Why is it so important to him? We don't know.
Why is it so important to us that we decide who ask questions? Let me just give it a try:
The Parliamentary Press Gallery is an elected institution in Ottawa. Every year, we vote for its executive members who have regular meetings. There is a PPG staff, with a budget, to serve as a central clearing house/operation centre/hub between the government and the media. These are the folks who call all of us at home when there's a disaster, who make sure that reporters aren't paid lobbyists harassing politicians, who oversee decorum and civility on the Hill.
We want the PPG to run the news conferences because if they do a bad job -- giving all the questions to the CBC, or English language or Toronto-based media, or men/women only, for example -- we can hold them accountable.
Note that word: ACCOUNTABLE. We like the concept too.
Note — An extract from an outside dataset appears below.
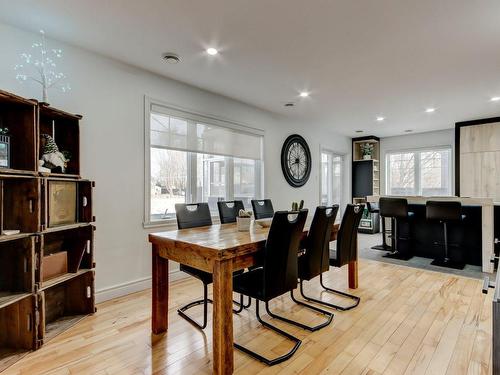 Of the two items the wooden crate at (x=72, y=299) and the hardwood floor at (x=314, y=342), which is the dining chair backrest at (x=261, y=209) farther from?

We believe in it. We have built rules around it. These are rules that have functioned for many years, to the benefit of reporters AND politicians. Because there are organized scrums after cabinet, for instance, ministers aren't chased around the clock at restaurants, at their homes and outside their offices. Canada has not seen the kind of excessive camera-stalking of politicians, for instance, largely because we've had a civilized dialogue on the rules of engagement here.
If that relationship is to be revisited, we do not think it's unreasonable for it to be a two-way conversation. So far, the PMO has not proposed any new arrangements that involve compromise on their part, or even input from us. Nor has anyone explained why PMO needs to run the scrums.
I grew up, journalistically, at the Globe and Mail, where the motto still runs on the editorial page every day: "The subject who is truly loyal to the Chief Magistrate will neither advise nor submit to arbitrary measures." Why don't I just leave it at that?
Over to you.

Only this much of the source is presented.